# Putting a pleco in my pond



## chevyrs1969 (Sep 8, 2010)

I have a pleco that had taken a liking to the plants in my 55 gal and it is starting to get very annoying, and slightly expensive. I was wondering how he would do if I put him outside in my pond. I've heard of people keeping plecos in ponds but I don't know how he would handle the cold of winter. 
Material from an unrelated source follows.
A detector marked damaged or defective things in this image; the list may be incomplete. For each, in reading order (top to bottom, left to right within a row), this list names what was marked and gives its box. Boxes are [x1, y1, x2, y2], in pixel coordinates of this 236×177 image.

Also, does anyone know of a good local aquarium store in the DFW area?


----------



## TheOldSalt (Jan 28, 2005)

Dallas / Ft Worth? 
You guys have real winter there, and a pleco in a pond won't last long.
SOUTH Texas has some plecos in ponds, but DFW can't support them.


----------



## Bettawhisperer (Oct 1, 2010)

I live just outside of Dallas Tx and have a 13" pleco that goes in my Koi pond every summer. They grow like weeds in the pond because of the amount of algae in there for them to eat. Mine is only three years old and already 13". I do bring him in the house over the winter. But they do fine in the pond during the summer.


----------



## chevyrs1969 (Sep 8, 2010)

How would it do in my cichlid tank? They are still pretty small, the largest is about 4". He is killing all of the plants in my tank and it is getting very annoying.


----------



## Bettawhisperer (Oct 1, 2010)

That could work if the tank is big enough.


----------



## Revolution1221 (Apr 20, 2010)

we keep our pleco outside in the summer but when the temp starts dropping they come in. my mom has had 2 for 9 years now with no problems.


----------



## SGT Z (Jul 7, 2010)

Think of it this way... if plecos could survive DFW winters they'd probably be native. They're not because they're tropical fish. If you can afford it, get yourself a 55 or 75 gallon for winters and put him outside the rest of the time.


----------



## Revolution1221 (Apr 20, 2010)

if u dont need to keep him in a tank to look at in the winter u can take a far less expensive route and just get a holding bin or something.


----------